In a future era of more evolved human beings hundreds of years from now, this could even be relegated to an anecdote in our history which would be a sub-story in the history of man. Without meaning to put a damper on what is already a lame celebration of EDSA 1, this week’s related activities will definitely be politically motivated which is to be expected with elections just around the corner. But the problem is there will be several mini celebrations of various groups and persons bitterly fighting and campaigning against each other, all claiming to be the legitimate “owner” of “EDSA 1” with whatever value there is left in it as a brand. That these personalities, who once marched together in locked arms against Marcos, are now bitterly fighting each other tooth and nail, only confirms that self-interest had always been their motive. These were hidden in lofty ideas and slogans shouted over megaphones when they joined together against one man hoping to partake of the spoils should they finally succeed.

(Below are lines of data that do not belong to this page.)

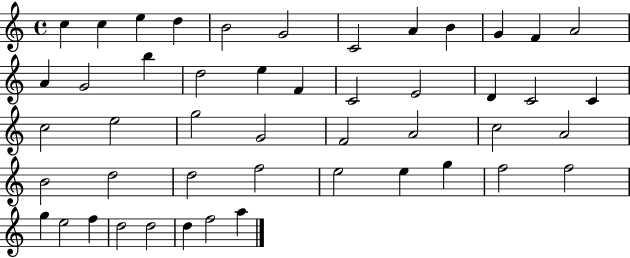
{
  \clef treble
  \time 4/4
  \defaultTimeSignature
  \key c \major
  c''4 c''4 e''4 d''4 | b'2 g'2 | c'2 a'4 b'4 | g'4 f'4 a'2 | \break a'4 g'2 b''4 | d''2 e''4 f'4 | c'2 e'2 | d'4 c'2 c'4 | \break c''2 e''2 | g''2 g'2 | f'2 a'2 | c''2 a'2 | \break b'2 d''2 | d''2 f''2 | e''2 e''4 g''4 | f''2 f''2 | \break g''4 e''2 f''4 | d''2 d''2 | d''4 f''2 a''4 | \bar "|."
}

It has been thirty years since the uprising which is more than enough time to have made significant gains as China, Malaysia, Vietnam, Indonesia and Singapore did but, alas, we seem to have gotten stuck and even regressed in some areas of nation building. The most obvious is the failure to alleviate poverty and worse, the rise in the number of people experiencing hunger. In education, compared to the time of Marcos, a smaller percentage of our population are presently enrolled in our primary and secondary schools and the ratio of teacher to students has worsened. We have witnessed wanton degradation of our land, forests, mountains, water and air over three decades and our cities have become urban jungles of the worst kind with its accompanying criminality. Our international airport has been named the worst in the world, MRT-LRT are decrepit, and traffic in Metro Manila has become a monstrosity.The drug menace is now a scourge with the narco state, already in place. The shabu trade has reached 1 Billion Pesos a day and continues to flourish. Though our economic growth rate is doing splendidly, sadly, it is only felt by a few, far from being inclusive. According to the Philippine Statistics Authority’s 2014 Annual Poverty Indicators Survey, poverty incidence among Filipinos rose to 25.8% from 24.6% in 2013. But since 2006, poverty has almost remained constant. Finally, corruption has escalated, our people remain divided, the country has become the “most dangerous place to live in for a journalist,” and the International Human Rights Watchdog has just given President Aquino a failing grade. What then is there to celebrate? Unless you belong to the few that have become richer or the oligarchy that is back in power, there is little to celebrate and plenty to lament.
And if President Marcos has been looking good to a large number of Filipinos as of late, it is not because the Marcos loyalists have worked their propaganda on the people; they could not have because they have not had, and still do not have, the power to disseminate propaganda much less, succeed in attempts at historical revisionism. It is the “history” written by his opponents that have permeated the broadcast networks and newspaper dailies owned or controlled by the oligarchs of the yellow brigade. The simple reason why the former strongman has been gaining more acceptance and admirers over the years is not only due to more awareness of the best of Marcos’ government programs and infrastructure still utilized today, but because what came after him proved to be worse, as difficult as it may be for some to admit that. Thirty years is a long long time and blaming Marcos for today’s problems only further enrages the people. And if there are still some souls that believe the Filipinos have not seen
through the EDSA “masquerade” and its failure to deliver on promises of a better future for the majority of the people, and the “revolution” that was supposed to usher in deep reforms in government, they will soon change their minds when they witness Senator Bongbong Marcos raise his right hand to be sworn in as the next Vice President of the Philippines.